:: Supplied data
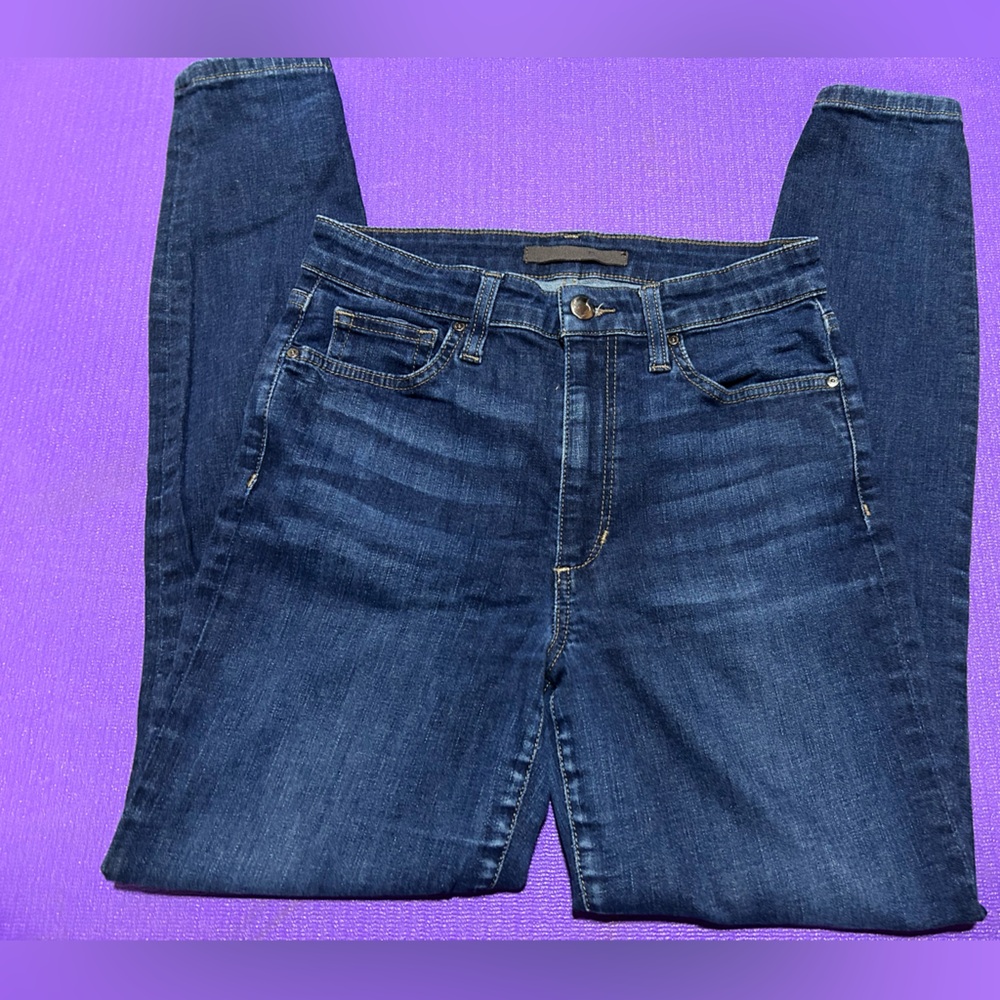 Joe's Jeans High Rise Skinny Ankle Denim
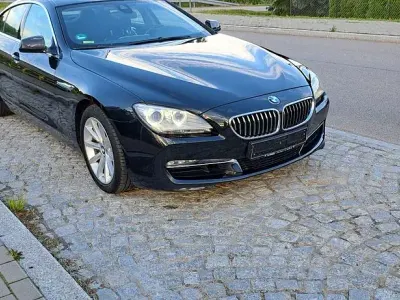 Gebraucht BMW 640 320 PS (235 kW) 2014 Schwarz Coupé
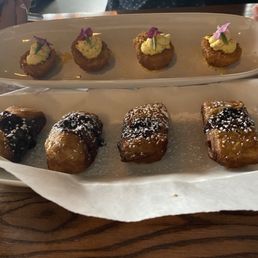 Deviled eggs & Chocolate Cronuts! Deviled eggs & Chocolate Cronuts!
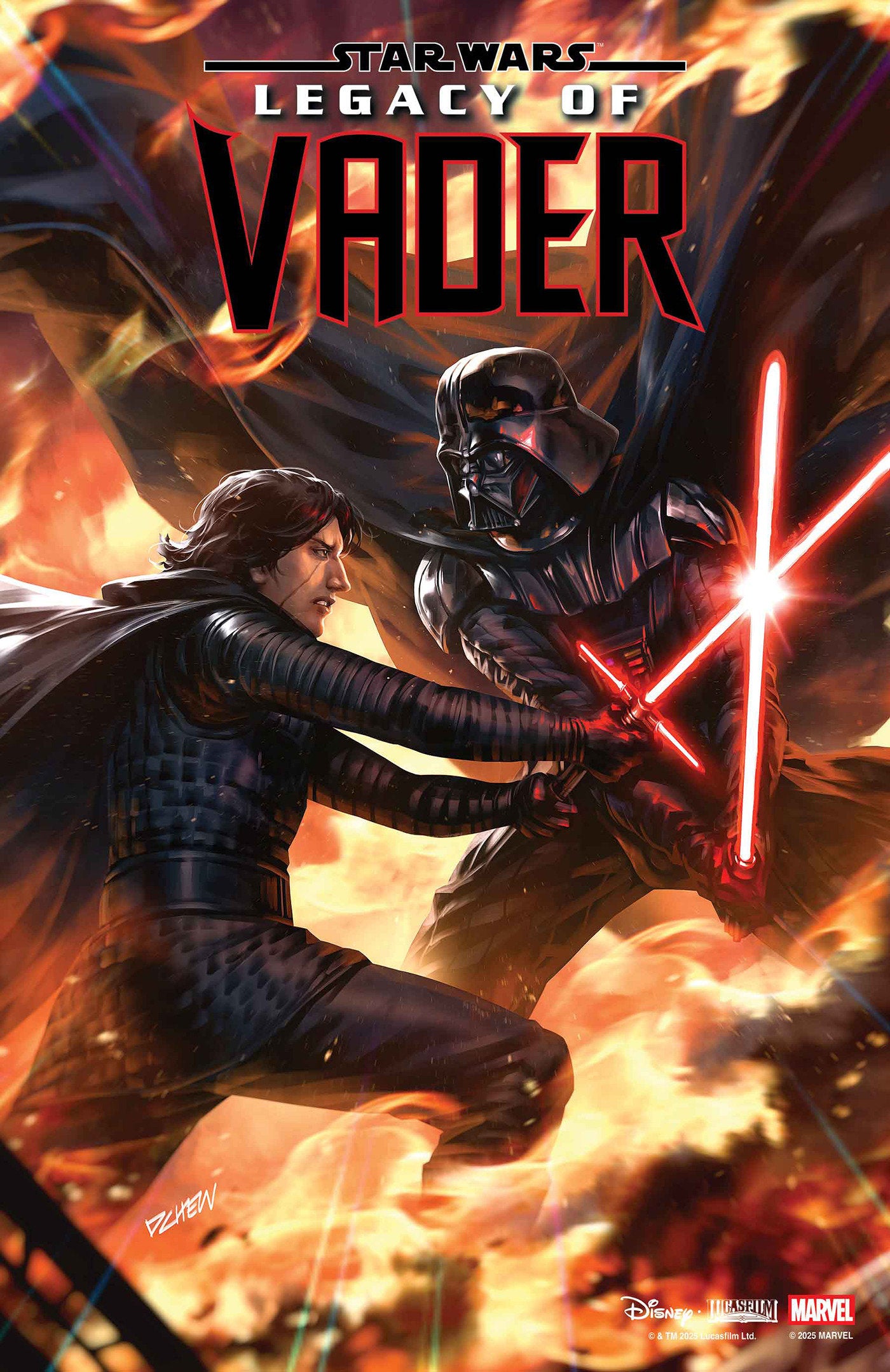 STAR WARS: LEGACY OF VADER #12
::::
### Action item
The response should be the full material, repeated exactly, with images removed.

### Task result
 Joe's Jeans High Rise Skinny Ankle Denim
 Gebraucht BMW 640 320 PS (235 kW) 2014 Schwarz Coupé
 Deviled eggs & Chocolate Cronuts! Deviled eggs & Chocolate Cronuts!
 STAR WARS: LEGACY OF VADER #12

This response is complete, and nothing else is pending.